Forty years ago last week, I was at the US Liaison Office on a sunny, wintry Saturday morning in “Peking” (北京) when the announcement came that the United States and China would soon establish diplomatic relations. Beginning January 1, 1979, the United States would recognize the People’s Republic as the “sole legal government of China.” “Within this context,” the US announcement read, “the people of the United States will maintain cultural, commercial, and other unofficial relations with the people of Taiwan.” The Chinese Communist Party was so ecstatic with the news that its official newspaper, People’s Daily, issued an “extra edition” (號外) printed in vermillion ink, proclaiming the event to 800 million Chinese readers. I still have a framed copy upon my wall.

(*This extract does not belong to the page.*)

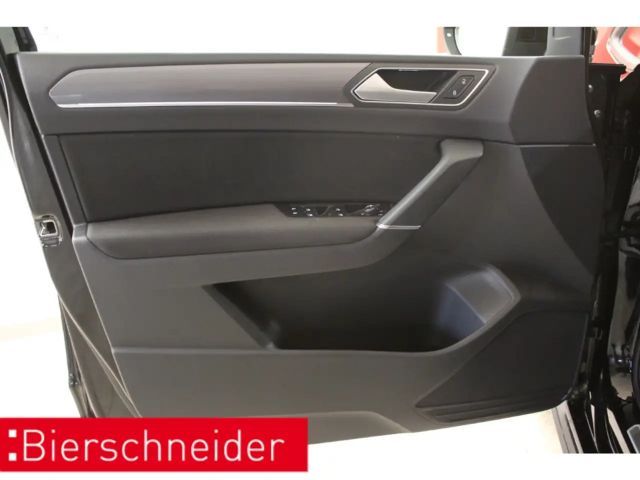 Volkswagen Touran 1.5 TSI DSG R-Line Style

My first thoughts of December 16, 1978, upon hearing the news of “normalization” were of Taiwan where I had served the year before with the US embassy. The US side’s words “…and other relations” were a comfort. “Other relations” was the term our chief of mission, Ambassador Leonard Woodcock, and Chinese leader Deng Xiaoping (鄧小平) agreed upon to encompass America’s continuing security relations with Taiwan; Chinese Premier Hua Guofeng (華國鋒) had to admit at his December 16 press conference that 1) “the US side mentioned that after normalization it would continue to sell … arms to Taiwan…”; 2) “We … absolutely could not agree to this…”; and 3) “nevertheless, we reached an agreement…”

In fact, Vice Premier Deng unsuccessfully demanded that Washington also nullify all US treaties with the ROC government; yet all were to remain in force, including the mutual defense treaty (which was terminated more than a year later). President Carter’s December 30 Presidential Memorandum declared that “existing international agreements and arrangements in force between the United States and Taiwan shall continue in force.” There’s that word, again: “Taiwan”! not “Republic of China.”

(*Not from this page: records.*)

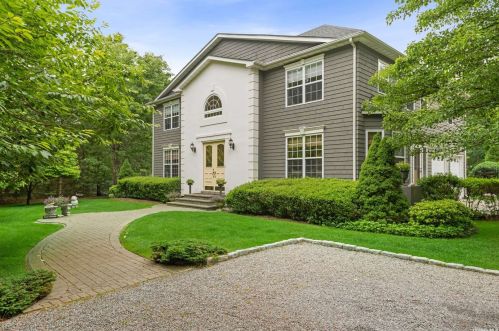 9 Corbett Dr, East Quogue, NY 11942-3840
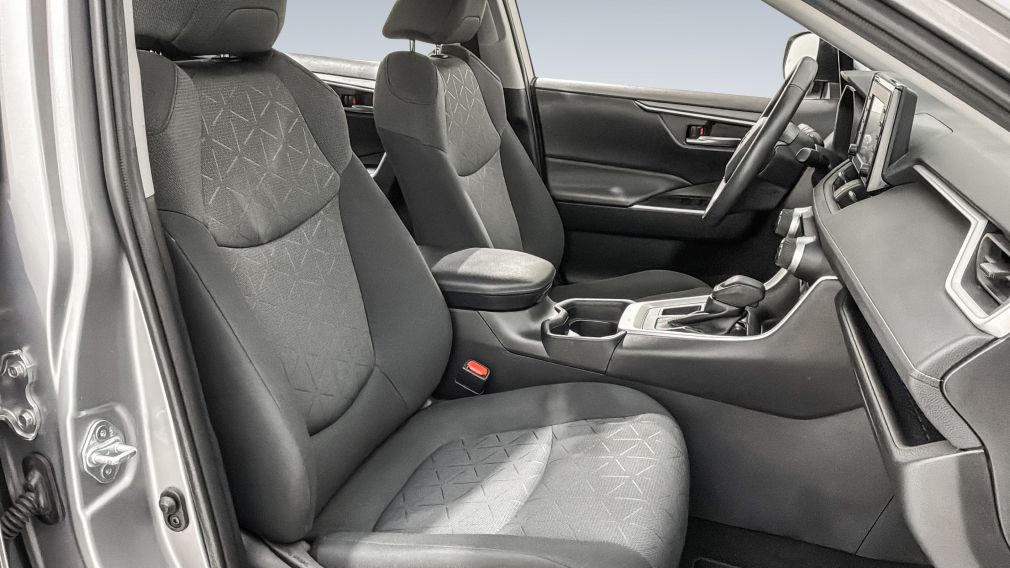 Toyota Rav 4 XLE 2021 d&rsquo;occasion à vendre - 30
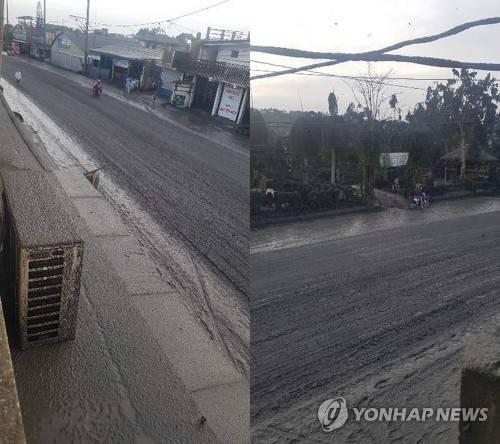화산재 덮인 필리핀 도로 (하노이=연합뉴스) 필리핀 수도 마닐라에서 남쪽으로 65㎞가량 떨어진 탈(Taal) 화산이 12일(현지시간) 폭발한 가운데 화산 인근 지역의 한 도로가 화산재로 덮여 있다. 2020.1.13 [필리핀 한인 총연합회 제공. 재판매 및 DB 금지]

In the 1979 Taiwan Relations Act, the United States Congress ratified President Carter’s order to treat Taiwan as a “state” with which the US maintained treaties and international agreements, engaged in commerce and partnered in defense.

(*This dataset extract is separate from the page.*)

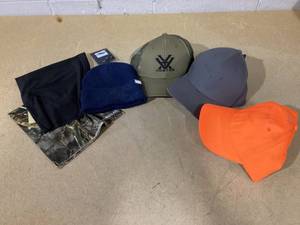 lot 348 image: LOT OF 6 Mens Hats & Gaiters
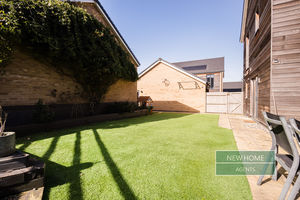 Photo 18- click for photo gallery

Forty years later, in 2018, Taiwan is still that same country, richer, more populous, with a heavily amended constitution that defines Taiwan’s as the freest and most open democratic system in all Asia. The United States has a brand new embassy in Taipei (although it’s not called an “embassy”) and carries out commercial, cultural, defense, security and consular relations with Taiwan, and a political section that performs all diplomatic functions (except they’re not called “diplomatic”). Scores of other countries have similar offices in Taipei while recognizing that Beijing is the seat of the “sole legal government of China.”